### THE PROBLEM
Starting at the line below that contains "METZGER 2420131 Radiatorslange" and ending at the line that contains "Shure UL4C/C-MTQG-A", retype each line exactly as it stands, but omit the pictures.

[AVAILABLE RECORDS Boundary: Start]

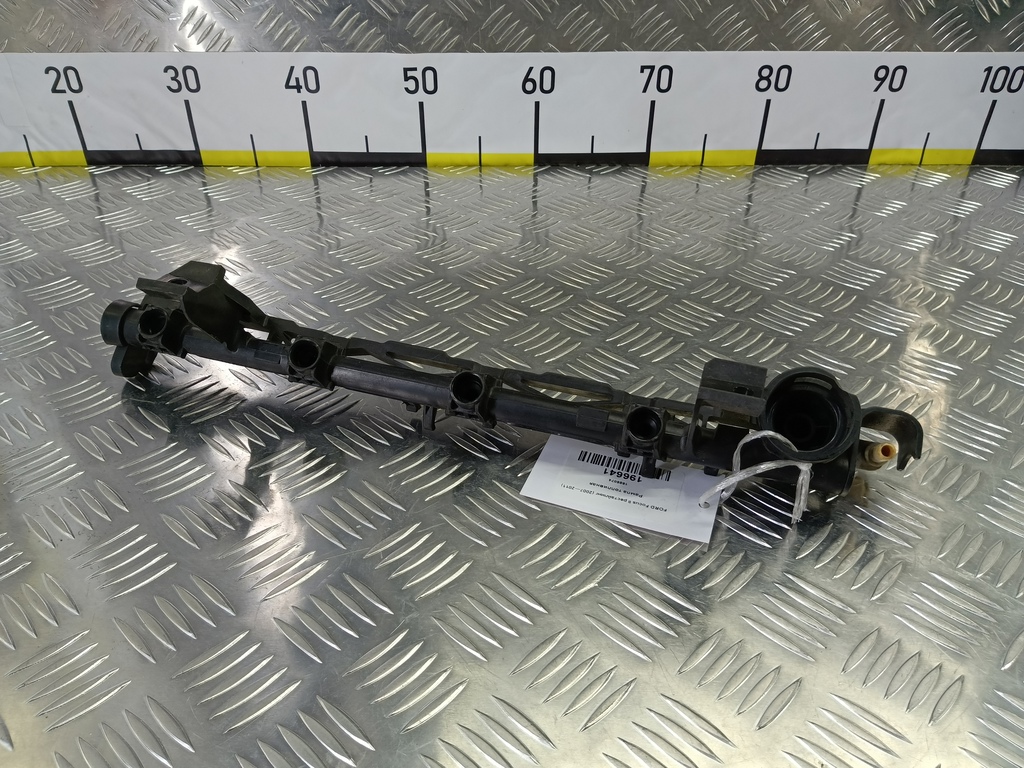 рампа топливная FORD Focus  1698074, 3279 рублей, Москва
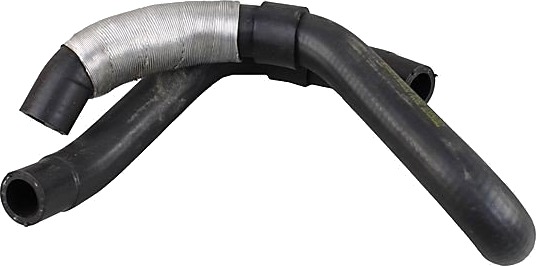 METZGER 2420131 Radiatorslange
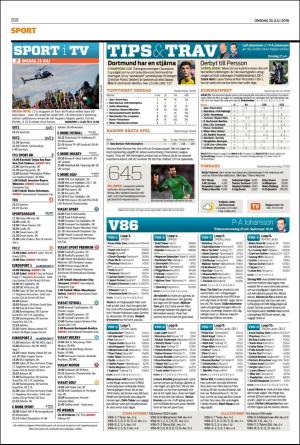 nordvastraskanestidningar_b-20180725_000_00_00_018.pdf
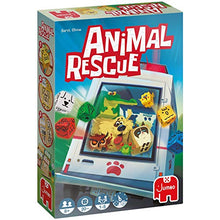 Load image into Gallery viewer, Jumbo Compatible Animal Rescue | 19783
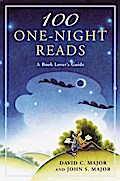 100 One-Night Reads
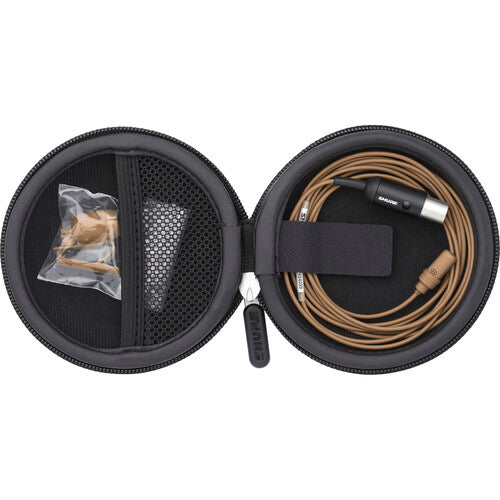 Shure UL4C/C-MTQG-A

[AVAILABLE RECORDS Boundary: End]
[AVAILABLE RECORDS Boundary: Start]

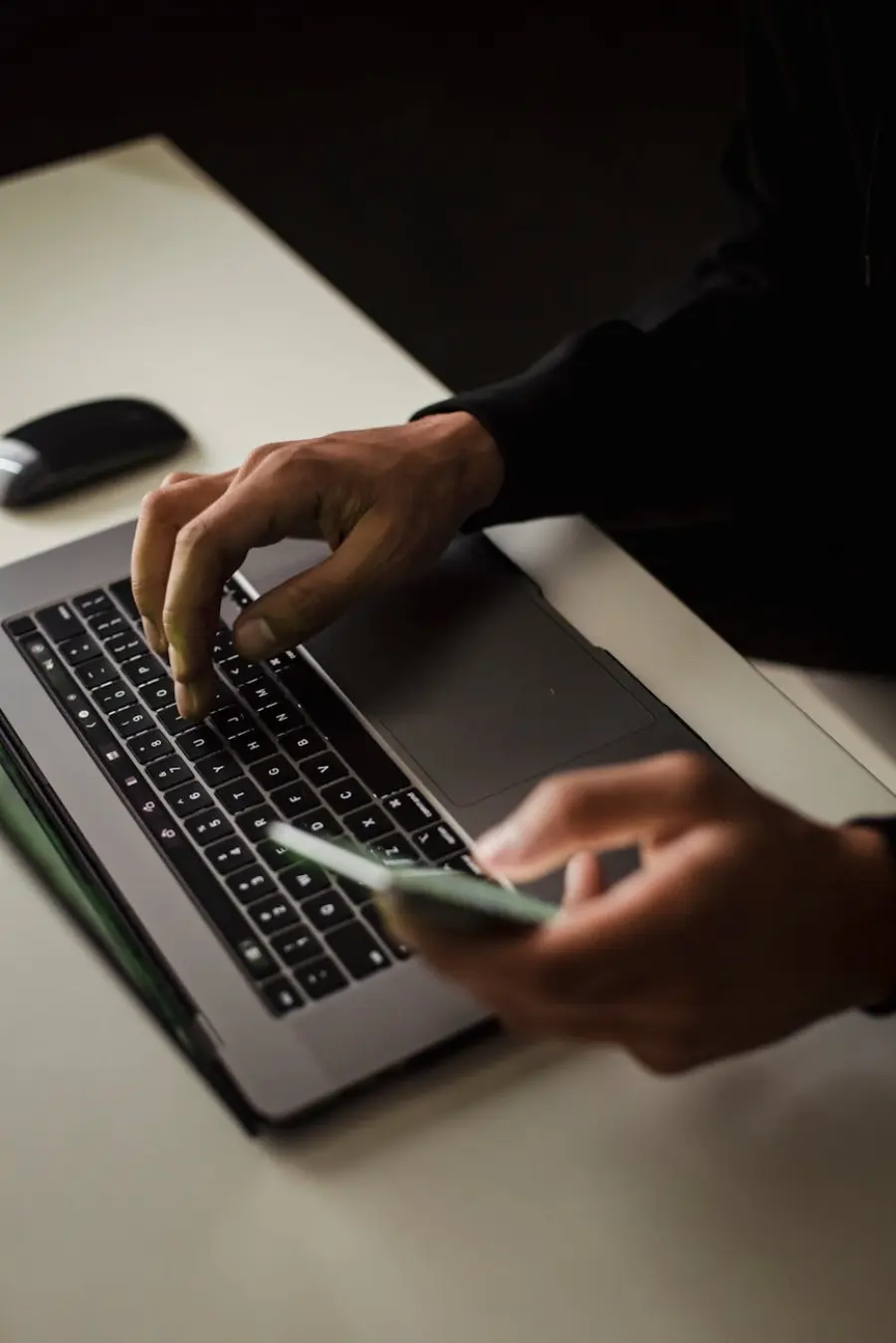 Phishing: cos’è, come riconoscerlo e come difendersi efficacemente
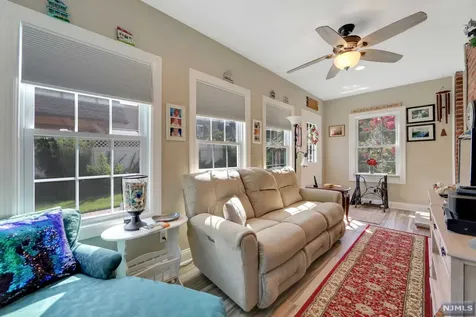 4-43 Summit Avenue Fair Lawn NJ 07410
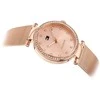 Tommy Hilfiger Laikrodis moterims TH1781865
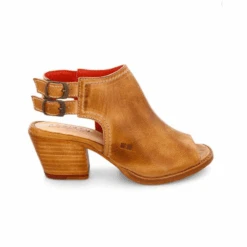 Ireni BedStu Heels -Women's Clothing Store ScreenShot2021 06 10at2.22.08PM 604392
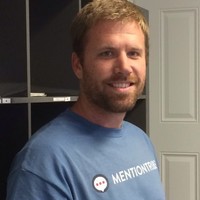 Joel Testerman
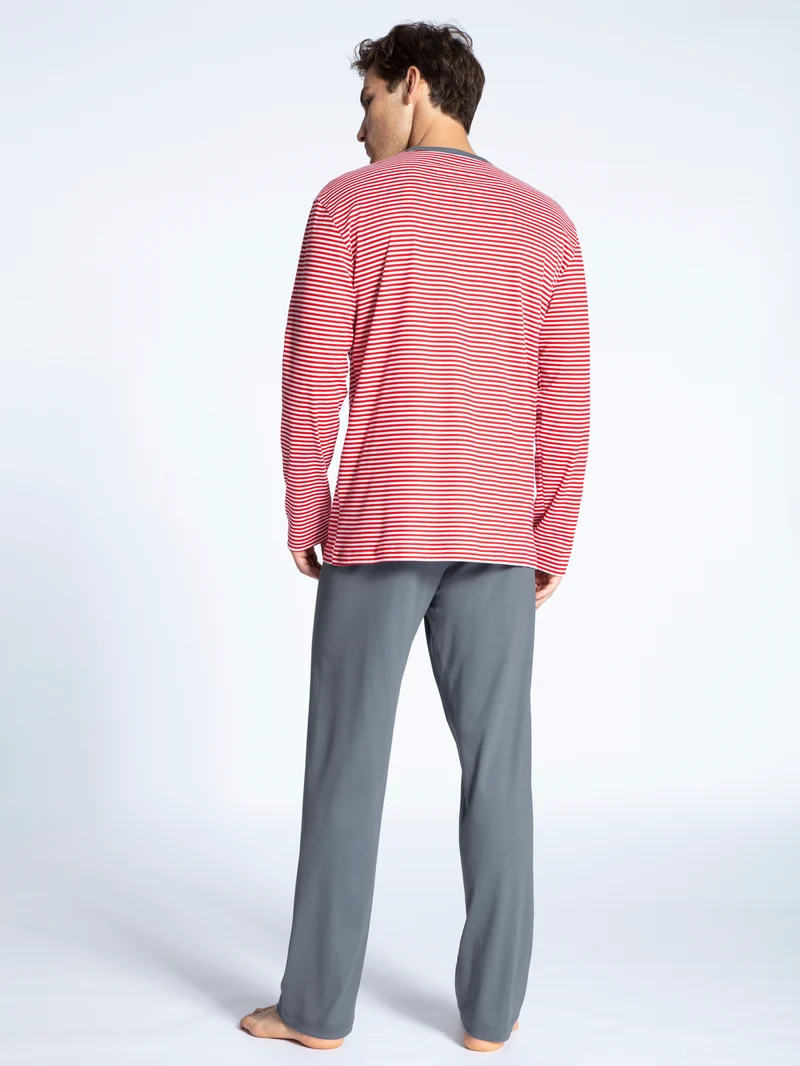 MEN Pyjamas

[AVAILABLE RECORDS Boundary: End]
[AVAILABLE RECORDS Boundary: Start]

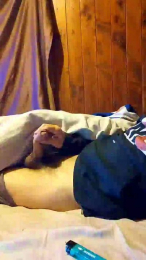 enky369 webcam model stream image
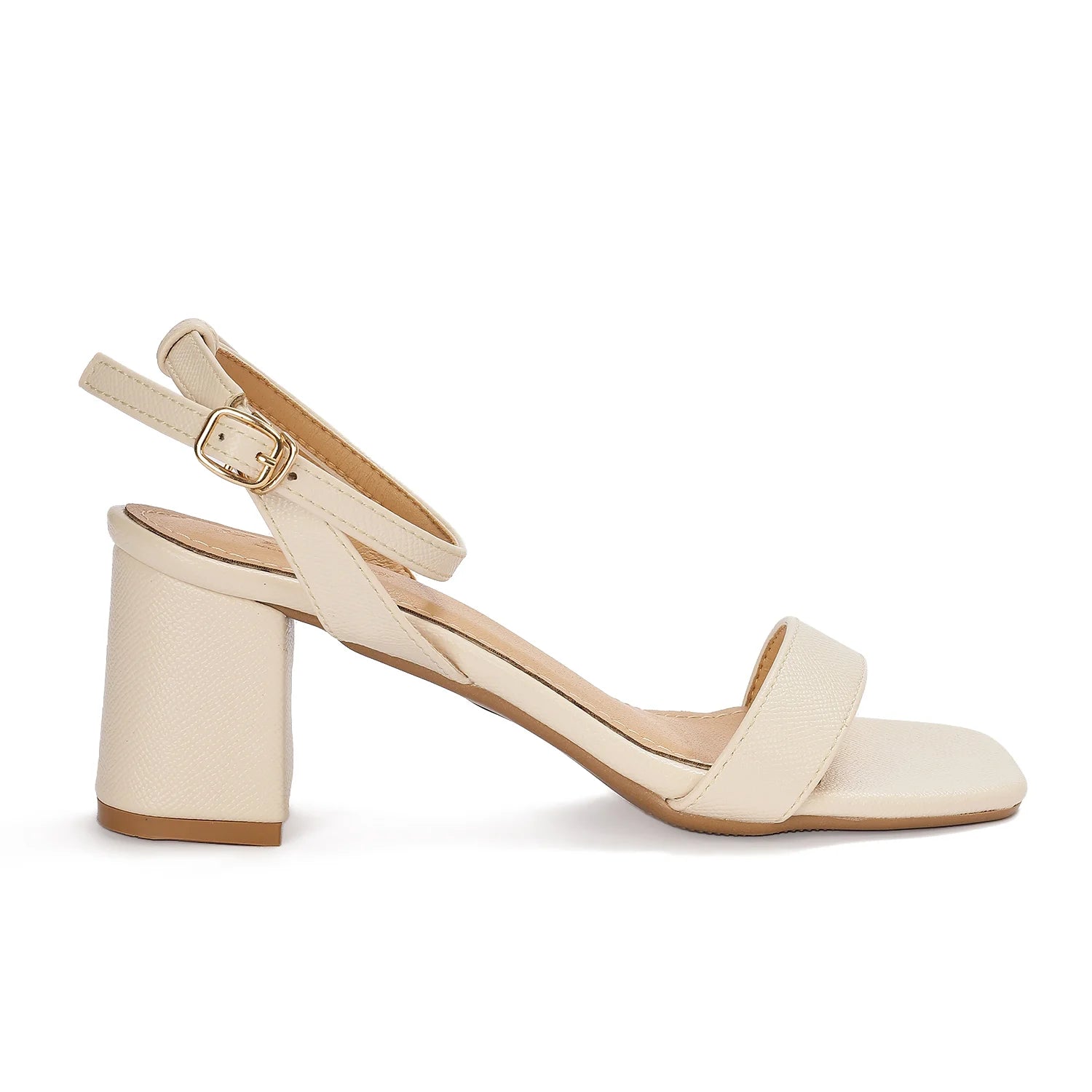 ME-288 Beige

[AVAILABLE RECORDS Boundary: End]

### OUTPUT BELOW
 METZGER 2420131 Radiatorslange
 nordvastraskanestidningar_b-20180725_000_00_00_018.pdf
 Load image into Gallery viewer, Jumbo Compatible Animal Rescue | 19783
 100 One-Night Reads
 Shure UL4C/C-MTQG-A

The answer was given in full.